The Code of the Town of Wayland, MA (Chapter 194) calls for permits before work can be done within a 100-foot buffer zone around swamps, vernal pools, streams, and other specified resource areas. We have emphasized certain passages with bold type.

The purpose of this chapter is to provide a greater degree of protection of wetlands, buffer zones, and related water resources, than the protection of these resource areas provided under MGL c. 131, § 40, and the Wetlands Regulations promulgated thereunder by the Massachusetts Department of Environmental Protection. This greater degree of protection shall be by pre-construction review and control of activities deemed by the Conservation Commission likely to alter, degrade, or have an adverse cumulative effect upon wetland values and functions, including but not limited to the following: public or private water supply, groundwater, flood control, erosion and sedimentation control, storm damage prevention, water pollution prevention, stormwater quality, water quality, fisheries, unusual plants, wildlife, wildlife habitat, passive recreation and aquaculture values (collectively, the “wetland values protected by this chapter”).

Definitions

…LAND SUBJECT TO FLOODING OR INUNDATION — A protected water resource, except as noted in the definition of “stream,” means an area of depression in topography, isolated depression, low lying land, or closed basin which floods periodically and/or serves as a ponding area of ground or surface water.

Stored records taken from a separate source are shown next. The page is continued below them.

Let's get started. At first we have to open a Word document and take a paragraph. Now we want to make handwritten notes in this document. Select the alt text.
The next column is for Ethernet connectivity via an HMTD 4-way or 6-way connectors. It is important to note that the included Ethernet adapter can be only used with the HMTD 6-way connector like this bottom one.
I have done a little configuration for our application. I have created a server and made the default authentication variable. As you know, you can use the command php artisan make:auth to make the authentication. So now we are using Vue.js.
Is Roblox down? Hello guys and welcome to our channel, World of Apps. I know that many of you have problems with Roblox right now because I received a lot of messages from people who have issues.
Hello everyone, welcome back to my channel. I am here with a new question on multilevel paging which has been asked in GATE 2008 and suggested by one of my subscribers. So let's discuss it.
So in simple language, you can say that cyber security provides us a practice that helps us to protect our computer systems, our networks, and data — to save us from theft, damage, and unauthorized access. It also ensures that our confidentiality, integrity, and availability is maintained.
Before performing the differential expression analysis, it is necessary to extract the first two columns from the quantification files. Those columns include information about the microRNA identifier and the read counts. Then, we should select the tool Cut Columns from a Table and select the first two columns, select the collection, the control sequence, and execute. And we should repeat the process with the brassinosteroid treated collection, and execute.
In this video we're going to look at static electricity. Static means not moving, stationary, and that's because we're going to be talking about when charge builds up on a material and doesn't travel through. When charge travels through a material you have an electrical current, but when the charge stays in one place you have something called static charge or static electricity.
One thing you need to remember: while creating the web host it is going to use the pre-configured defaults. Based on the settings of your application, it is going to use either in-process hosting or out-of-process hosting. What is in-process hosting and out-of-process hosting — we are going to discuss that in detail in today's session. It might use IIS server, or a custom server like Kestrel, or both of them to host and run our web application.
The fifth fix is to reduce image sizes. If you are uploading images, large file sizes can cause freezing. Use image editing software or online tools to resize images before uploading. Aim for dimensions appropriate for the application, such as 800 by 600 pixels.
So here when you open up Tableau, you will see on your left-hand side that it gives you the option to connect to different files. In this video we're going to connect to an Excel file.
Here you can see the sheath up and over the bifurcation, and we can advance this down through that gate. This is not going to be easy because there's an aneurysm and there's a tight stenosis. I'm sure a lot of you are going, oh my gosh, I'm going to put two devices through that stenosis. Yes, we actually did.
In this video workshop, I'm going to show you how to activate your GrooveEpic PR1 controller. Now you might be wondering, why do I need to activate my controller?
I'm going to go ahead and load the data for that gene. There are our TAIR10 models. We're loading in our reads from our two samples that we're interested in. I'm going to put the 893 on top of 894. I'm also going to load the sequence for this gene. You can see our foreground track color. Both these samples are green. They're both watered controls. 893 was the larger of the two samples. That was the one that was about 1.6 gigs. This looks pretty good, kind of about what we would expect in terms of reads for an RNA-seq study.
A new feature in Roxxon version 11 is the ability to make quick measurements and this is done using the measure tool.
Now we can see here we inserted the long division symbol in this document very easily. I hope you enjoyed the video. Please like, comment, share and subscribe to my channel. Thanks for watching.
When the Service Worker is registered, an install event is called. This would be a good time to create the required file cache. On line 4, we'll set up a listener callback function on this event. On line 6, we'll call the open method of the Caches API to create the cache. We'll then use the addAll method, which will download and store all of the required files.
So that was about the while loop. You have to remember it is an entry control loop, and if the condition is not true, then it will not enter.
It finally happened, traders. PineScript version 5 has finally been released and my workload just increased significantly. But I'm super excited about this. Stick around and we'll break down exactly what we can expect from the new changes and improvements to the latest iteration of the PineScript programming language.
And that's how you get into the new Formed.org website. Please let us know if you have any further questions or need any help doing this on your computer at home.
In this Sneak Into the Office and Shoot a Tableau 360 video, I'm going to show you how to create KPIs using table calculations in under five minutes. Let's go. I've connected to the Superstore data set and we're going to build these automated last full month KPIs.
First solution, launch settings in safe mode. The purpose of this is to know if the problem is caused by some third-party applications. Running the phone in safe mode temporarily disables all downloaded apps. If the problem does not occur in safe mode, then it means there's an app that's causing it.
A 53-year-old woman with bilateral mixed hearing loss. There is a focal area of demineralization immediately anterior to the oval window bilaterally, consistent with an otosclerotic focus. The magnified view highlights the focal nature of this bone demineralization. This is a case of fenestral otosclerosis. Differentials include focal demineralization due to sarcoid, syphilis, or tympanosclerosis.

This area may also border a freshwater vegetated wetlands as a result of a hydrologic connection with a freshwater wetlands, marsh, bog, wet meadow, swamp, creek, river, stream, pond, or lake or other water body during any storm event up to and including the one-hundred-year storm event.

  1. Such area shall be 500 square feet or greater in surface area and may include vernal pools.

  2. Land subject to flooding or inundation shall include the area shown on the Federal Emergency Management Agency Flood Profile, Town of Wayland one-hundred-year flood elevation, as most recently amended.

  3. This area may be characterized by evidence of standing or ponding water during any storm event (up to and including the one-hundred-year storm event based upon a twenty-four-hour seven-inch rainfall), hydrophilic vegetation (wetland indicator plants), and/or hydric soils. The lateral extent of flooding may be determined by: the most recent Federal Management Flood Profile one-hundred-year flood elevation for the Town of Wayland, the elevation that is reached by the amount of water from a one-hundred-year storm event determined either by visual observation, or by calculation using the Soil Conservation Service hydrologic model TR-20 computer program (Computer Program for Project Formulation – Hydrology, Soil Conservation Service Technical Release 20, Washington, D.C., 1983) for a twenty-four-hour, seven-inch rainfall event…
STREAM — A body of running water, and the land under the water, including brooks, creeks, and man-made watercourses, which moves in a definite channel in the ground due to hydraulic gradient in a definable path. A portion of a stream may flow through a culvert, pipe, or beneath a bridge. A stream may be intermittent (i.e., does not flow throughout the year).

SWAMPS — An area where groundwater is at or near the surface of the ground for not less than two consecutive weeks of the growing season or where runoff water from surface drainage frequently collects above the soil surface and where at least 50% of the vegetational community is made up of, but is not limited to nor necessarily includes all of, the following plants or groups of plants: alders, ashes, azaleas, black alder, black spruce, buttonbush, American or white elm, highbush blueberry, larch, cowslip, poison sumac, red maple, skunk cabbage, sphagnum mosses, spicebush, black gum tupelo, sweet pepperbush, white cedar or willow.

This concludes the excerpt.